Quote the records below word for word, please, from the very first line through the one that contains "Orange Chest Harness", and nothing beyond it.

PROVIDED MATERIAL –
=== Begin Enclosure ===

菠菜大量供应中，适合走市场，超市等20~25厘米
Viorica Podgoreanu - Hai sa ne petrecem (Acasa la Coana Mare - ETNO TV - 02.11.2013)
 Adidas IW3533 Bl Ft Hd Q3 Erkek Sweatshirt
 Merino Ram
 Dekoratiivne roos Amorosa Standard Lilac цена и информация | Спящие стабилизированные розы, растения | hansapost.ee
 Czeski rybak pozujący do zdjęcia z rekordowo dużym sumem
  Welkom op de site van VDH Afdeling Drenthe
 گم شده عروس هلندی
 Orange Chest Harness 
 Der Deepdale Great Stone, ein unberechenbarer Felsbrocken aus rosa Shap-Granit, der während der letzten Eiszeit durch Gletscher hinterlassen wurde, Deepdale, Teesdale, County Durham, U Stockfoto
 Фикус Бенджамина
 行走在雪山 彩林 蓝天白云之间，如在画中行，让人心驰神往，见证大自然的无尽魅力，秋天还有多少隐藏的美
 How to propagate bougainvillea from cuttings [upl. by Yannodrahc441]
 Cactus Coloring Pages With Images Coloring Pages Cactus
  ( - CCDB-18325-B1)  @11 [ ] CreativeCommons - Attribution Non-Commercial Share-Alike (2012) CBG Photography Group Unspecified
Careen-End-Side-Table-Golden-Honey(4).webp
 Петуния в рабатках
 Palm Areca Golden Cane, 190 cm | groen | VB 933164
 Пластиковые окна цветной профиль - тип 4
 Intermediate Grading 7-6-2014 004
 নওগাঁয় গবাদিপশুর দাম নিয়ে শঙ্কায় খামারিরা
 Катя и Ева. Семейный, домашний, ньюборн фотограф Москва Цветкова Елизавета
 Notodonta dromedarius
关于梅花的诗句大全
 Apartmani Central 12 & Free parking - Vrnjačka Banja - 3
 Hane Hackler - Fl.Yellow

=== End Enclosure ===

OUTPUT –
菠菜大量供应中，适合走市场，超市等20~25厘米
Viorica Podgoreanu - Hai sa ne petrecem (Acasa la Coana Mare - ETNO TV - 02.11.2013)
 Adidas IW3533 Bl Ft Hd Q3 Erkek Sweatshirt
 Merino Ram
 Dekoratiivne roos Amorosa Standard Lilac цена и информация | Спящие стабилизированные розы, растения | hansapost.ee
 Czeski rybak pozujący do zdjęcia z rekordowo dużym sumem
  Welkom op de site van VDH Afdeling Drenthe
 گم شده عروس هلندی
 Orange Chest Harness 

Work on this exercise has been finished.